If you have questions or comments concerning the information provided below, please contact me at elena.eyber@wolterskluwer.com.

CCH Federal Securities Law Reporter

SEC Expands Form S-3, F-3 Eligibility, Mandates Form D Electronic Filing
The SEC voted unanimously to amend the eligibility requirements of Forms S-3 and F-3 to allow companies that do not meet the current public float requirements to register primary offerings of their securities on these forms. Corporation Finance Director John White said that expanding the eligibility of Forms S-3 and F-3 will allow smaller companies to benefit from the efficiency and flexibility of the short form registration statements. Commissioner Kathleen Casey estimated that 1,400 new companies will be eligible to use the forms. The adopted rules contain several conditions, as well as two significant changes from the proposal released in the summer. The first change is that in order to be eligible to use the forms, a company must have at least one class of common equity securities listed on an exchange. Daniel Greenspan of the Division of Corporation Finance staff said that this change was intended to provide additional protections for investors in the form the exchange's listing rules. The second change in the adopted rules is that to be eligible to use the forms, a company may not sell more than the equivalent of one-third of its public float during any 12-month period. The staff had originally proposed a threshold of 20 percent, but commenters overwhelmingly favored a larger amount, Director White said. Commissioner Casey applauded the change, saying it balances greater access to capital with investor protection. A shell company is not eligible to use the forms, nor is a company that has been a shell company within the preceding 12 months. In addition, companies must be timely in their filings with the SEC to be able to use Forms S-3 and F-3 under the amendments.

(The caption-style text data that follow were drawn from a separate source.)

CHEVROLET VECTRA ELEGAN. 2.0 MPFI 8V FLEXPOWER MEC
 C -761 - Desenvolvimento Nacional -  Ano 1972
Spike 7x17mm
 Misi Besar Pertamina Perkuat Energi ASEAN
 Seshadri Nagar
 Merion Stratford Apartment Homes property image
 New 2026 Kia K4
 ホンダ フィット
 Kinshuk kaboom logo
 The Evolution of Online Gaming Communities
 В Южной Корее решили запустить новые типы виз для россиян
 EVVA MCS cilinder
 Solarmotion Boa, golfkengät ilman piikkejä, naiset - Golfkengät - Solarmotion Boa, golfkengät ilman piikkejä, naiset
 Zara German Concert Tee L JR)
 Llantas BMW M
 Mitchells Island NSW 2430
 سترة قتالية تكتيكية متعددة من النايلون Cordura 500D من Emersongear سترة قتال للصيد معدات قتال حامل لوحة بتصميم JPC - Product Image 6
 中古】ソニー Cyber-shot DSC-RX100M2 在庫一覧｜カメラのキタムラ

The Commission also adopted amendments to mandate the electronic filing of Form D, starting in March 2009. Form D is a notice required to be filed by companies that have sold securities without Securities Act registration based on a claim of exemption under Regulation D or Securities Act Section 4(6). Form D filings are also required by most states. The Commission receives 28,000 of the filings on paper each year, and dedicates three full-time staff members to opening and reviewing the mailed filings. The amendments provide that Form D should be filed electronically effective September 15, 2008. The Commission will provide a six-month phase-in period, and electronic filing of Form D will become mandatory March 16, 2009. Mr. White said that the phase-in period would act as a test for the new electronic filing system. One important element of the system, according to Director White, is a possible link to the North American Securities Administrators Association. The staff hopes to be able to create a one-stop filing system where companies can file their Form D with the SEC and with state regulators at the same time, he said. The remaining issues related to creating that system have to do with NASAA's resources, he noted. Among other things, the association is trying to determine how they will finance the system since it is not in the group's budget.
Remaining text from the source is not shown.